Why would we blame writers for what they write instead of the readers who take offense at what they read?
Eugene Vodolazkin is a thinking person’s novelist. The Ukrainian-born intellectual is a medieval scholar and an expert in Russian history and folklore at Pushkin House—an impressive academic resume for a contemporary fiction author. But if you expect him to infuse his novels with the dry dust of academia, you are mistaken. For a medievalist, Vodolazkin’s novels are wildly experimental. Transmuting old facts and fables into fresh fiction, Vodolazkin is a literary alchemist whose novels invite us to think like medievals and mystics in the modern wasteland. A traditionalist without being a reactionary, Vodolazkin creates literary space for contemporary readers—not only to envision an old way of life—but to long for its lost goodness.
Take his 2012 novel, Laurus, a dizzying admixture of fictionalized hagiography, mystical time travel, moral philosophy, and satirical jest set in medieval Russia. Laurus was a global phenomenon, clinching both of Russia’s major literary awards and subsequently translated into a multitude of languages. This is par for the course for the inimitable Vodolazkin, who won the prestigious Solzhenitsyn prize in 2019 and whose English translations also include the equally deft Solovyov and Larionov, The Aviator, Brisbane, and his latest offering: A History of the Island.

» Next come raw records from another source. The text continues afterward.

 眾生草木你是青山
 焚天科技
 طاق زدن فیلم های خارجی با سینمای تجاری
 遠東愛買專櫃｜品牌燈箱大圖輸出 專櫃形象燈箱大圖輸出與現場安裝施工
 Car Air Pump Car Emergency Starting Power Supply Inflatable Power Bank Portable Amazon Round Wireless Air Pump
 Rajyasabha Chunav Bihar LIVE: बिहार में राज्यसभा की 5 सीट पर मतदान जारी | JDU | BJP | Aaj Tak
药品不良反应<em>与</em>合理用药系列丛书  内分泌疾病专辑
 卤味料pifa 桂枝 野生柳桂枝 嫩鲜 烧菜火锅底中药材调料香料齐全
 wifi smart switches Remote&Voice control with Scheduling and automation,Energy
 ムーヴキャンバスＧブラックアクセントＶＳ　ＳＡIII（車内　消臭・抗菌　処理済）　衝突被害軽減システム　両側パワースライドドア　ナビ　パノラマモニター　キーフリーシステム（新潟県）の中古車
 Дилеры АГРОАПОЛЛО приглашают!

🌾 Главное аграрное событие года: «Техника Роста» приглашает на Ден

A History of the Island is Vodolazkin’s most ambitious novel to date for the very good reason that it is exactly what the title proclaims. The main character of the story is … the Island, an unnamed fictitious nation existing in our time on our planet. Now, frankly, there is no reason why this novel should work. If the idea was pitched to me as a publisher, I would reject it out of hand. Experimental craftsmanship is all very well, but even an author of Eugene Vodolazkin’s caliber ought to be prudent, for heaven’s sake. Who is going to read a novel about a country?
But that is the whole point. A History of the Island is a poignant and satirical history of history itself, taking as its subject an imaginary Island that is at once wholly itself and also eerily like Vodolazkin’s own land—and that of every reader. Attentive readers will recognize historical echoes not only of Vodolazkin’s Russia, but also of other nations—England, France, Italy, the United States, and more. In creating a fictionalized history of an imagined Western land, Vodolazkin at once satirizes, honors, and laments our shared heritage with its manifold glories and failures. Along the way the novel engages in a sort of meta-analysis of history, raising complex questions such as: Is history cyclical or linear? Are the historical events predetermined or unpredictable? Are time and history moving toward an inevitable end? And perhaps most essential of all, is the narrative arc of history a tragedy or a comedy?

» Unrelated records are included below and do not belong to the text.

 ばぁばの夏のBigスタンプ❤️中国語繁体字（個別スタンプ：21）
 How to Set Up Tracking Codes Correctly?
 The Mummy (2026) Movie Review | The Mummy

Readers familiar with Vodolazkin’s other novels will recognize his distinctive voice, juxtaposing poignant depth with self-aware wit. Vodolazkin unites fantastical farce and cultural satire with the musings of moral philosophy and mystical theology. Imagine Monty Python writing a fake history of the West with St. Anthony the Great and Thomas Aquinas. Throughout the novel the narrative voice is dizzying in its scope, making us laugh while at the same time provoking thought, and even, perhaps, repentance.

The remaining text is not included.